Looking at the repair sites and all the car manufacturers listed with all their various problems, I conclude that it's modern electronics amongst other reasons, demands placed upon them, interfacing with multi makers platforms, more than Audi being at fault particularly. But as I said, it's life Jim - I'm not a trekkie - honest, I just like saying that


----------



## Hoggy (May 8, 2002)

jesmond said:


> What's the considered view on why these dash electronic units are so pants - and have such common faults - Audi should be ashamed of themselves, with building high end cars with such low end performing dash pods, and we all just expect it - can't be right, I know it's life Jim, but - not as we'd expect it lol


Hi, Audi wasn't ashamed 16 years ago.  
Think it was a concept shape with concept electronics etc. Who would design an engine with all those hoses on the emission system ? Still luv my 225 though, but having it from new must help reliability.

Hoggy.


----------



## jesmond (Aug 17, 2017)

Wow, top work buddy - you've had that red beauty since new have you?


----------



## Hoggy (May 8, 2002)

jesmond said:


> Wow, top work buddy - you've had that red beauty since new have you?

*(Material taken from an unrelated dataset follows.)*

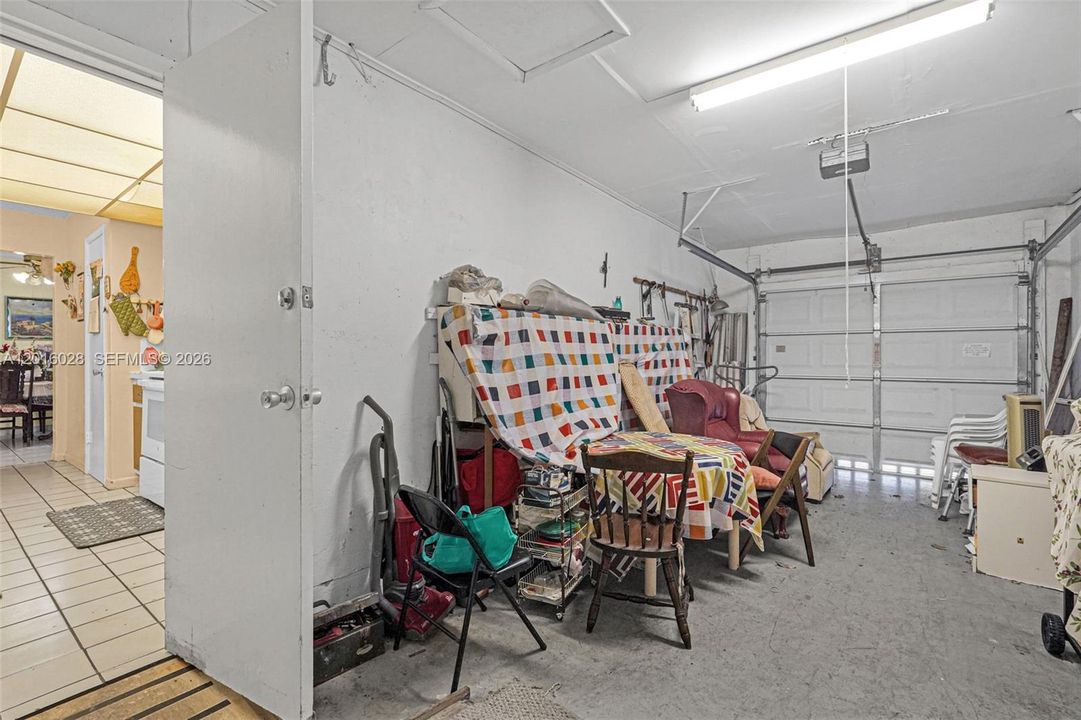 Activo con contrato: $575,000 (4 camas, 2 baños, 1574 Pies cuadrados)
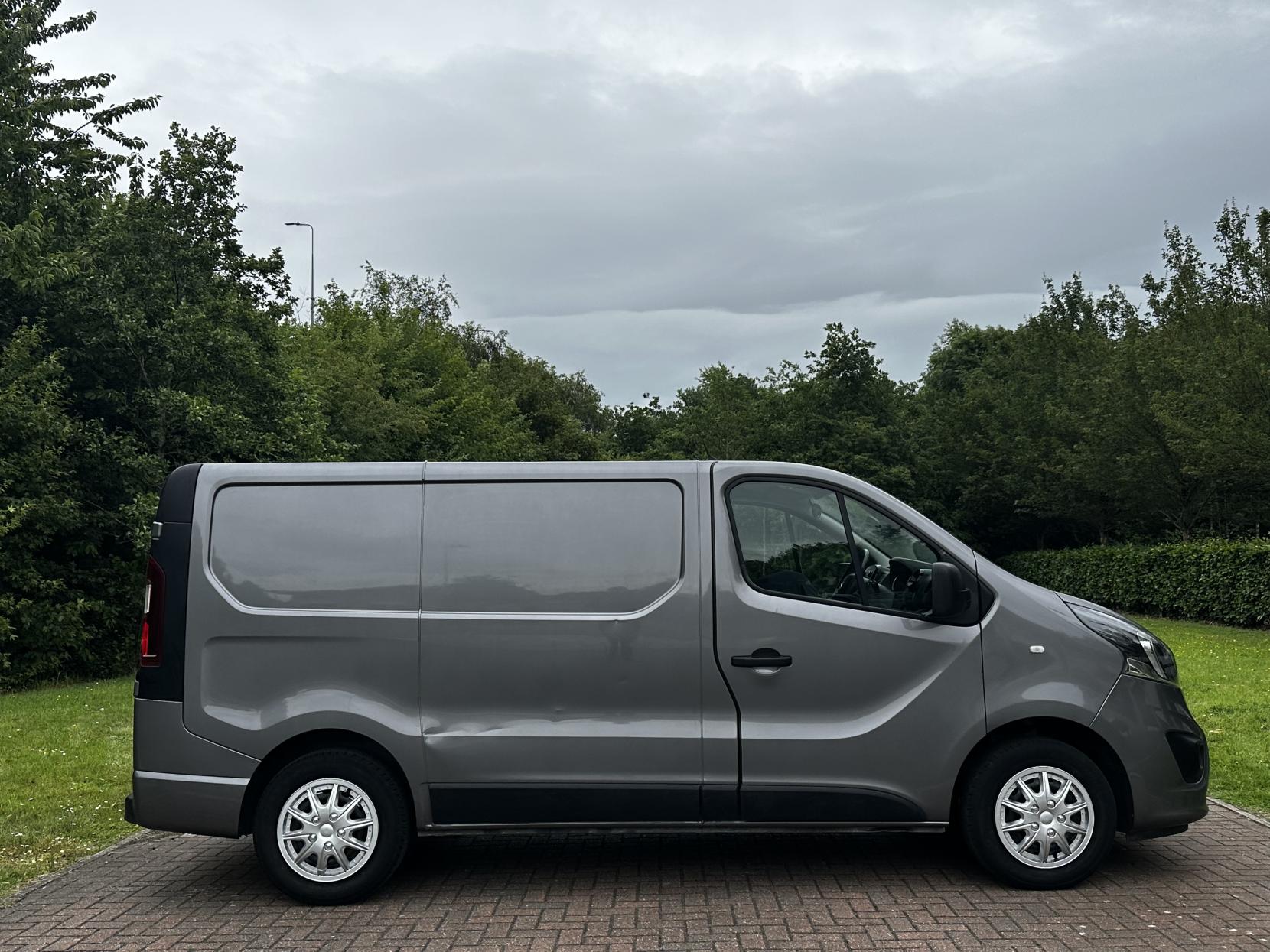 Vauxhall Vivaro 1.6 CDTi 2700 BiTurbo ecoTEC Sportive Panel Van 5dr Diesel Manual L1 H1 Euro 6 (s/s) (125 ps)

Hi, Yes, over 16 years, not my daily & a pampered TT. 8) 
Hoggy.


----------



## jesmond (Aug 17, 2017)

Marvellous, and why not Hoggy. They're definitely lovely things to chuck around and drive, quality oozes through, and I'm delighted on how chunky, clunky and manly they are - that gear change is virtually . . sublime almost - I can't stop shouting at the top of my voice "I love this car". I have to admit, I was a hairdresser caller before but not anymore


----------



## YELLOW_TT (Feb 25, 2004)

jesmond said:


> Looking at the repair sites and all the car manufacturers listed with all their various problems, I conclude that it's modern electronics amongst other reasons, demands placed upon them, interfacing with multi makers platforms, more than Audi being at fault particularly. But as I said, it's life Jim - I'm not a trekkie - honest, I just like saying that


Audi should be ashamed not for the faults but charging customers £800 a time to replace the dash pod until they were publicly shamed on TV


----------